If the euro is quoted as $1.4124 - $1.4128, what is the spread in decimals and in pips?
$0.0004 => 4 pips
Dealers manage their foreign currency inventories by transacting in the ______ market. Are the spreads in this market narrow or wide?
interbank;
narrow;
The spreads quoted by a dealer depend on what three things?
- The spread in an interbank market for the same currency pair (dealer spreads vary directly with spreads quoted in the interbank market);
- The size of the transaction (larger, liquidity-demanding transactions generally get quoted a larger spread; you don’t get a volume discount … just the opposite; a larger, liquidity-demanding transaction causes disruption to the dealer’s inventory and thus commands a higher spread.)
- The relationship between the dealer and the client;
The interbank spread on a currency pair depends on what three things and “why” for each?
- Currencies involved (high-volume currency pairs (e.g., USD/EUR; USD/JPY, and USD/GBP, command lower spreads than do lower-volume currency pairs, e.g., AUD/CAD;
- Time of day (the time overlap during the trading day when both the New York and London currency markets are open is considered the most liquid time window; spreads are narrower during this period than at other times of the day);
- Market volatility (Spreads are directly related to the exchange rate volatility of the currencies involved. Higher volatility leads to higher spreads to compensate market makers for the increased risk of holding those currencies. Spreads change over time due to volatility changes).
Does a longer maturity of a contract tend to increase or decrease the associated spread?
Increases the associated spread because of increased risks.
The reasons why a longer contract maturity tends to increase the associated spread are as follows:
- Longer maturity contracts tend to be less _____.
- Longer maturity contracts have greater _______ risk.

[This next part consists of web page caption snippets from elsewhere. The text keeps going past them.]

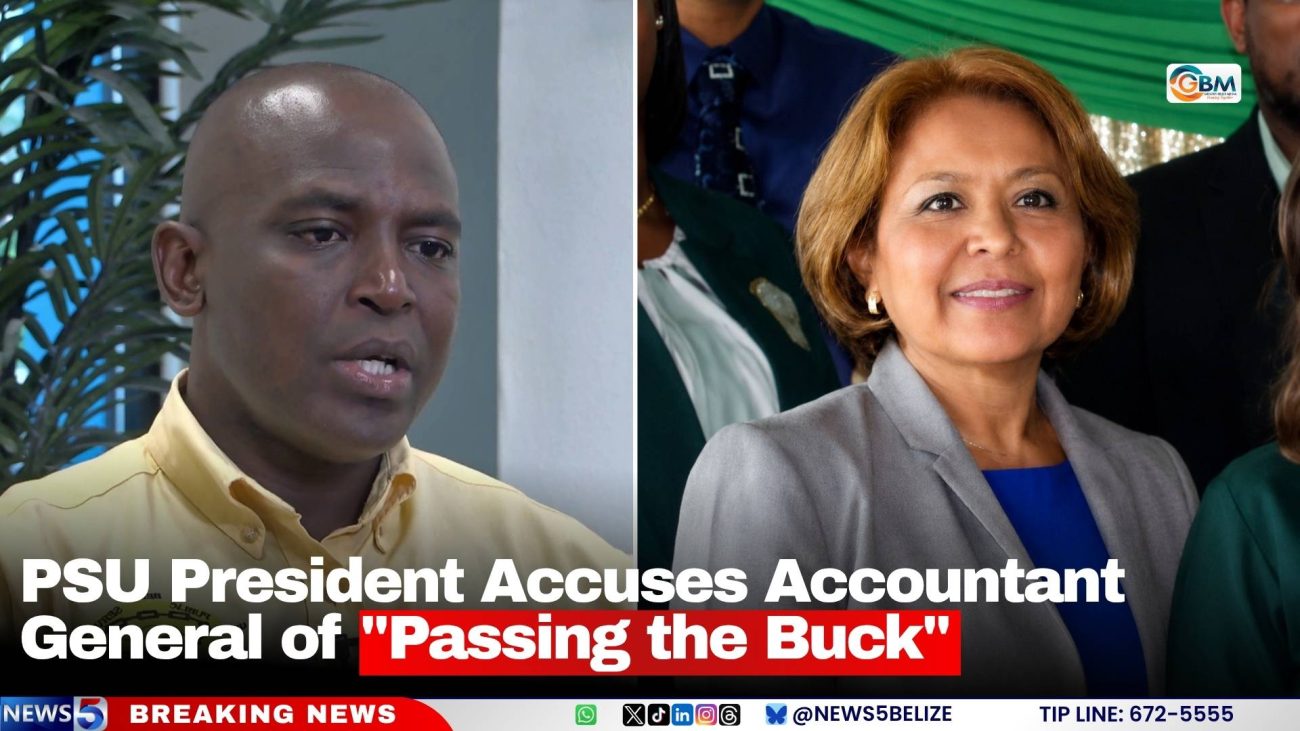 PSU President Accuses Accountant General of "Passing the Buck"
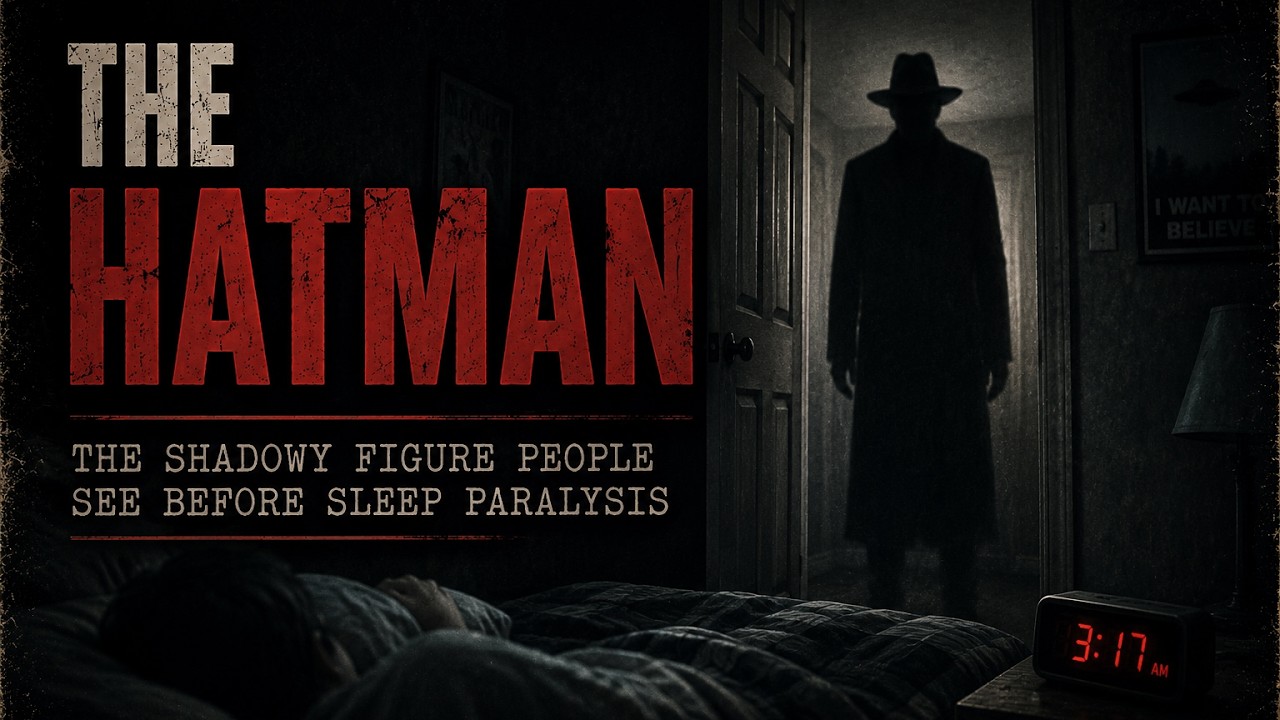 The Hat Man & Shadow People: The Global Mystery of Dark Figures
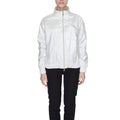 Suns White Polyester Shell Jacket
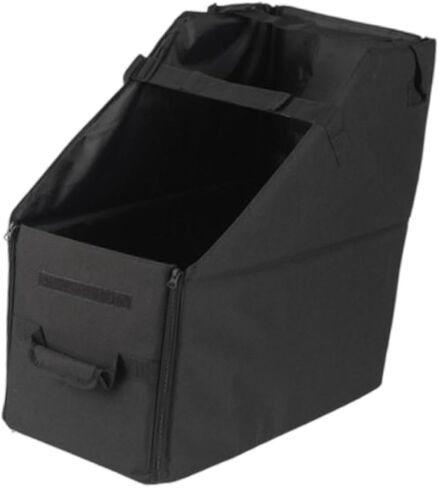 Folding Bike Storage Box Foldable Bicycle Organizer Protective Accessories Practical Portable Travel Bag Transport Case in Saudi Arabia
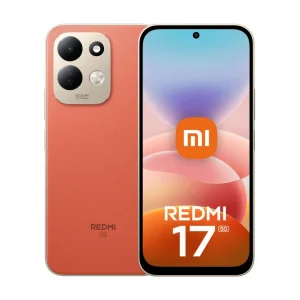 XIAOMI REDMI 17 NFC 4GB/ 256GB/ 6.9″/ 5G/ NARANJA/ 7500mAh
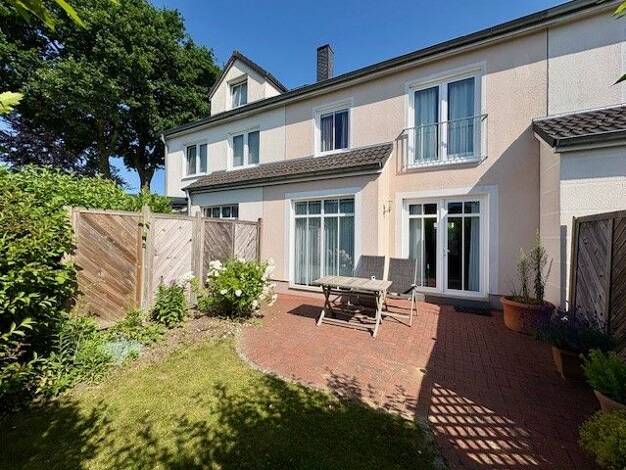 Reihenmittelhaus zum Kauf - Erstbezug 429.000 € 4 Zimmer 125,2 m² 200 m² Grundstück frei ab sofort Borstel-Hohenraden 25494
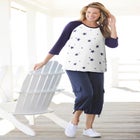 Three-Quarter Sleeve Baseball Tee image number null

- Longer maturity contracts have greater _____ ___ risk.
liquid;
counterparty;
interest rate;
Investors always take a ____ due to the spread.
loss;
For BASE DEALS: The investor buys the base currency at ____, and sells the base currency at ______.
ask (offer);
bid;
For PRICE DEALS: The investor buys the price currency at ____, and sells the price currency at ______.
bid;
ask (offer);
Which of the two components in the rule “up-the-bid-and-multiply” or “down-the-ask-and-divide” would you use given:
A dealer is quoting the AUD/GBP spot rate as 1.5060-1.5067. How would you compute the proceeds of converting 1 million GBP?